We have all had them, you’ve had them, I’ve had dozens of them. In fact the longer we live the more we will have. What am I talking about? Well it’s something we like to forget about, put it behind us and move forward. But as soon as we think it’s all behind us “BANG” we get hit with another one. I’m talking about “Bad Days”, one of those days when thing’s just go wrong, when you feel down right miserable? The kind of day you wish someone would just say something nice to you, something that makes you feel good?
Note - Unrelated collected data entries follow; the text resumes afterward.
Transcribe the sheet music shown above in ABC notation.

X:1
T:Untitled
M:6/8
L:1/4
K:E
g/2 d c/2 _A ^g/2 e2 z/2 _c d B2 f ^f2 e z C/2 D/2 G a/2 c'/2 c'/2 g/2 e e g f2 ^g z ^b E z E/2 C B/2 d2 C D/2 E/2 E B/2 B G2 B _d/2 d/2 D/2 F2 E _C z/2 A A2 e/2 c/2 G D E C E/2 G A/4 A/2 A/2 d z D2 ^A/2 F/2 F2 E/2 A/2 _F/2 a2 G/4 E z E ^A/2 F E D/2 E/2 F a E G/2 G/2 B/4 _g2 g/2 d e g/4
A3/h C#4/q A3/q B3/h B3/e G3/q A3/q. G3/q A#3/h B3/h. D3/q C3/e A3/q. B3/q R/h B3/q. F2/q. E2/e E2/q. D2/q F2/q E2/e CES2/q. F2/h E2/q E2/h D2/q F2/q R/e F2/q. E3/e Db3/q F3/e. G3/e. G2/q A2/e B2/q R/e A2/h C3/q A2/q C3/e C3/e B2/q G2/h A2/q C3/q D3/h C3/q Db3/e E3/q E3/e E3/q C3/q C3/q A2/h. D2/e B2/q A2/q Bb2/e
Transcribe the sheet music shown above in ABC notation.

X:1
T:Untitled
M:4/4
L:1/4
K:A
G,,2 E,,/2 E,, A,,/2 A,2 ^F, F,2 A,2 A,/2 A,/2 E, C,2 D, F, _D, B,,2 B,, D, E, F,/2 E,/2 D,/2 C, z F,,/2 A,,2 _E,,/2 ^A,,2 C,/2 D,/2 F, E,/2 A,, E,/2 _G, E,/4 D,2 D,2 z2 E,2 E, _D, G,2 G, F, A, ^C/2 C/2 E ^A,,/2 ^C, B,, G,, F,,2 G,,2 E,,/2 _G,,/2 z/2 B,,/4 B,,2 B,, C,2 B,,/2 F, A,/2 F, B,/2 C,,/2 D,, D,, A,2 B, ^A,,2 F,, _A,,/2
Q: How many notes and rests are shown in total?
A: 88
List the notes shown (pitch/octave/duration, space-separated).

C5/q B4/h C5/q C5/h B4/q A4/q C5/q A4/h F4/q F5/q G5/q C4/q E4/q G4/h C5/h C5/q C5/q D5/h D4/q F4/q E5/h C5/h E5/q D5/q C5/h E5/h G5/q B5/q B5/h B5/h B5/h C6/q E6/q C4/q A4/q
We very often forget this fact when we are having a good day. When we come across someone having a bad day, we tend to blame them and put them down as being “miserable”, grumpy”, “bad tempered” or just plain “mean” we shrug them off and go on our way. If, however, we stopped and remembered how we felt on our “bad day”, how we wished for a positive encouraging word from someone. We might just reserve our judgement of that person and offer them the thing that they need most at that point in time, an uplifting word of encouragement. Passing on our good feeling to them, sharing with them some positive words, it could make all the difference in the world to them.
There are many sayings that we all know to cover such situations, though we conveniently forget them if it suits us: “What goes around, comes around,” “We reap what we sow,” “Do unto others…”
If only we would take the time to help others on their bad days, the chances are there will be someone to help us when we have ours.
Go ahead…pass it on! Make Someone’s Day!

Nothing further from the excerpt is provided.